The good news is that many of those issues appear to be in the past. At the risk of placing too much emphasis on the past two contests, it would be a bit of a surprise if those issues continue to plague this Saints.
That’s not to say all is cured. There are still defensive breakdowns each week. However, it now seems this team is better suited to find ways to plug the leaks.
On a personnel level, losing Byrd was a big blow. The safety struggled early and failed to perform up to expectations, but there’s no doubt he is one of the most talented players on the roster and would have provided considerable upside.
The other issue this secondary faces is at the second cornerback spot. The spot opposite Keenan Lewis has been full of leaks, first with Patrick Robinson and now with Corey White, and needs to be more consistent. White appears to have turned a corner, and Robinson has played well in nickel packages, but the confidence in that position is simply not there.
MAJOR ISSUE HEADING INTO SECOND HALF: Sean Payton has a big decision to make that could impact the second half of the season. By carrying 54 times for 272 yards, Mark Ingram has provided evidence that he can carry the load at running back.
When Khiry Robinson and Pierre Thomas return to health, Payton’s going to have to decide if the team is better suited platooning or relying primarily on one man.
There are pros and cons to each side that will need to be sorted through.
MVP: There are a few options, and none would be a bad pick.
Brees was eliminated because some of his turnovers sunk this team, Ingram falls out of consideration because he missed three games with a hand injury, and Lofton comes up short because he is only an adequate coverage man.
That leaves us with Lewis, who has played at a high level at a position of need, and Galette, who has been the most active pass rusher.

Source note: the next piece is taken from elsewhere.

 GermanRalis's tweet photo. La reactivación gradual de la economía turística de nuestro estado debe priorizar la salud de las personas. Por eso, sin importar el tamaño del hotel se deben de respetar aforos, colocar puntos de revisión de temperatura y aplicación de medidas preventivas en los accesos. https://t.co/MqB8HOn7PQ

Lewis’ performance against Kelvin Benjamin last week was one of his best of the season, but he’s also played well against more accomplished players, such as Dallas’ Dez Bryant. That’s why he’s the pick. It’s hard to imagine where this team would be without him.
BEST PERSONNEL MOVE: The decision to retain Bush has paid dividends. An exclusive rights free agent, Bush signed an offer sheet with the Atlanta Falcons this offseason, but New Orleans took the necessary steps to keep him in the fold. If Bush had gotten away and the Saints had not made a corresponding move to solidify the depth at safety, Byrd’s injury could have been devastating.
WORST PERSONNEL MOVE: The Saints overestimated their depth at cornerback. The team likely thought Champ Bailey would make an impact and felt comfortable enough with what it had at the position to select Stanley Jean-Baptiste in the second round of the draft. Bailey has since been released, and Jean-Baptiste remains a project who hasn’t been able to get on the field much, leaving little depth at cornerback.
BEST MOMENT OF THE FIRST HALF: The off week. New Orleans came out of it looking like a different team. Even though the Saints lost to the Detroit Lions, they played well enough in that game to build confidence, and then rolled over the Packers and Panthers.
WORST MOMENT OF THE FIRST HALF: The collapse against the Lions, which was best exemplified by the 73-yard touchdown reception White allowed that served as the beginning of the end. New Orleans lost other games this season in heartbreaking fashion, but it felt more like the Saints gave this one away as opposed to the Lions taking it from them.
PROJECTION: The prediction here before the season was that the Saints would go 12-4. That can be thrown out the window.
The new feeling is that New Orleans finishes 9-7. There are a lot of tough games coming up. But the Saints have five home games and only three on the road. If the Saints can go 4-1 at home against the 49ers, Bengals, Ravens, Panthers and Falcons, and then win at least one of three on the road against the Steelers, Bears and Buccaneers, they’ll get to that mark.
With the feelings of optimism generated over the past two weeks, this prediction almost feels cautious.